Meeting 3, 11 Jan 2011


   See also: [3]IRC log


           Norm, John, Yves, Michael Champion, Michael Kay, Noah, Henri

           James, Anne

           Norm Walsh

           Noah Mendelsohn, NM


     * [4]Topics

         1. [5]Administrivia
         2. [6]Use case #3, islands of HTML5-marked prose
         3. [7]Use case #4, HTML document with islands of XML

     * [8]Summary of Action Items



   NW: Next call will be in a week, on 18 January.

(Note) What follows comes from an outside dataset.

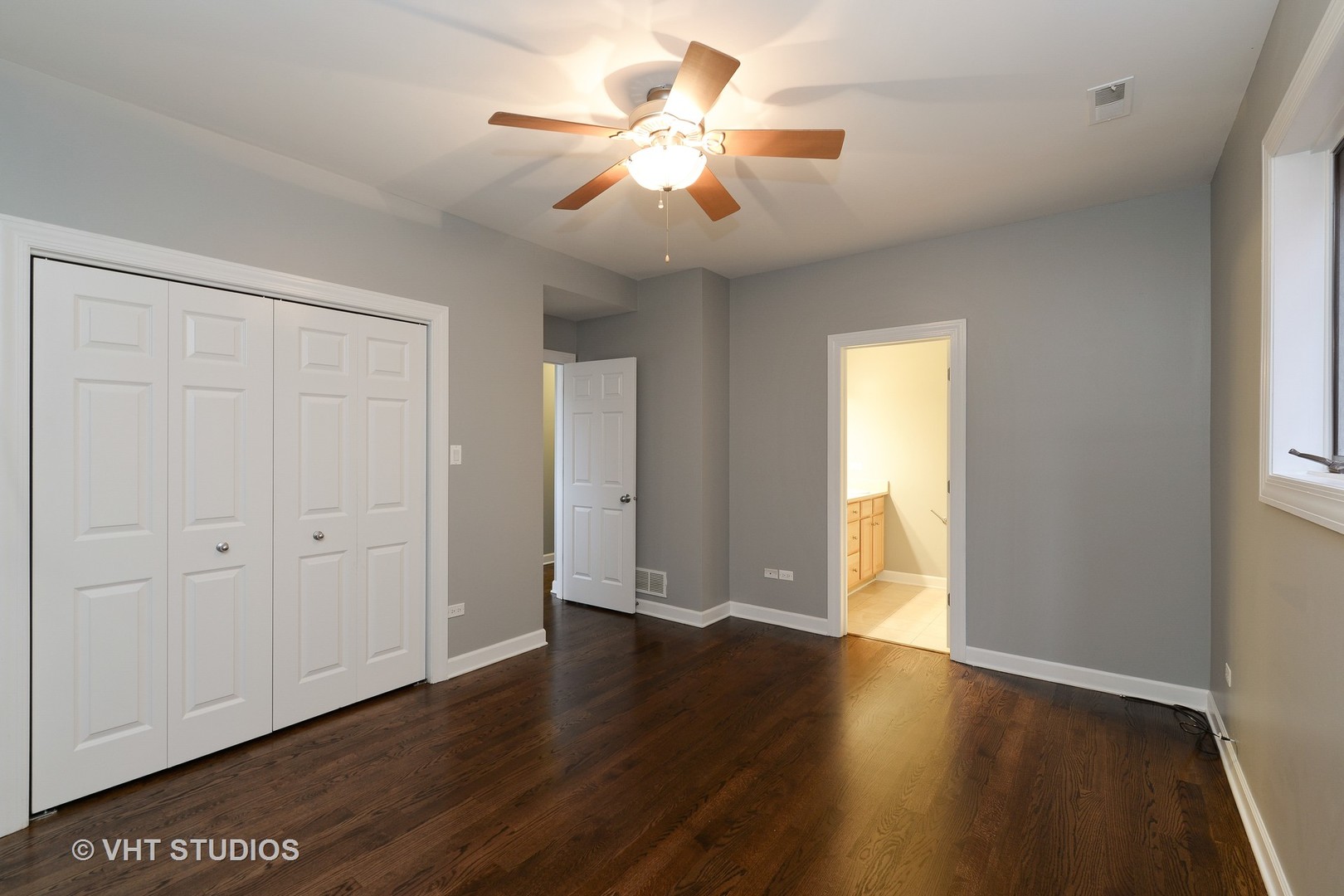 514 South Denvir Avenue, Unit 2 Chicago, IL 60612 - Photo 8 of 13 a view of an empty room with wooden floor and a window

Any regrets?


   topics: Use cases

   <hsivonen> Use case email was

   NW: I've been somewhat out of touch, but have seen at least two
   interesting email threads: 1) xml in feeds and 2) how to detect html5

   JC: XML or HTML?

   NW: Well, some thread subjects said XML

   <hsivonen> we covered use cases 1 and 2. We didn't cover 3 and 4

   Use case email was

  Use case #3, islands of HTML5-marked prose

   From the email description of the use case:

   3. I have an XML document and I want to embed islands of human prose

   marked up with HTML5 in it because I want to be able to extract

   those sections for use in, for example, documentation.

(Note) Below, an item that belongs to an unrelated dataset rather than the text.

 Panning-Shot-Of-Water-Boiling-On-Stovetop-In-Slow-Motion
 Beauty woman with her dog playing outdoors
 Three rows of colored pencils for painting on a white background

   JC: In that environment, we don't have an HTML5 DOM, I think, so we don't
   have to deal with inconsistent DOMs

   NW: Yes, mainly XML tools for this case.

   JC: What limitations are there on HTML5? E.g., I know about noscript.

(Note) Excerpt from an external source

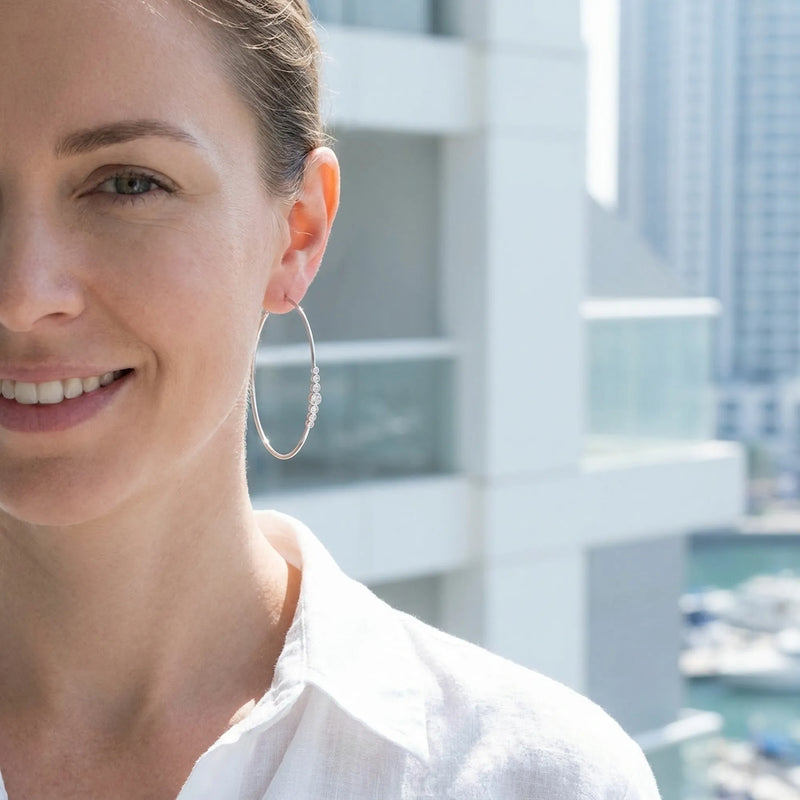 Smiling woman wearing extra-large CZ silver hoops by the water at Dubai Marina.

   NW: (missed something about semantics) I was thinking about things like
   HTML5 rules that automatically add namespaces to SVG, and that won't
   happen in an XML toolchain.

   JC: The XHTML5 elements mean the same as their like-named counterparts in
   HTML5, with the exception of NOSCRIPT

   HS: Yes, and also ISINDEX

   NW: Why?

   HS: Those are both sort of parser-managed things on the HTML side. ISINDEX
   as sort of a parser macro, is invalid into HTML5, and is invalid in that
   sense. It expands into other elements like a macro. NOSCRIPT depends on
   the context.

   JC: How it's parsed depends on whether you have scripting.

   NW: Thanks, good to know. Sounds like it's safe to set aside ISINDEX. Less
   sure about NOSCRIPT, but likely at worst a minor problem.

  Use case #4, HTML document with islands of XML

   From the use case email

   4. I have an HTML5 document and I want to embed islands of XML in it

   because I want to be able to write JavaScript and CSS to manipulate

   those elements, for example, in the browser.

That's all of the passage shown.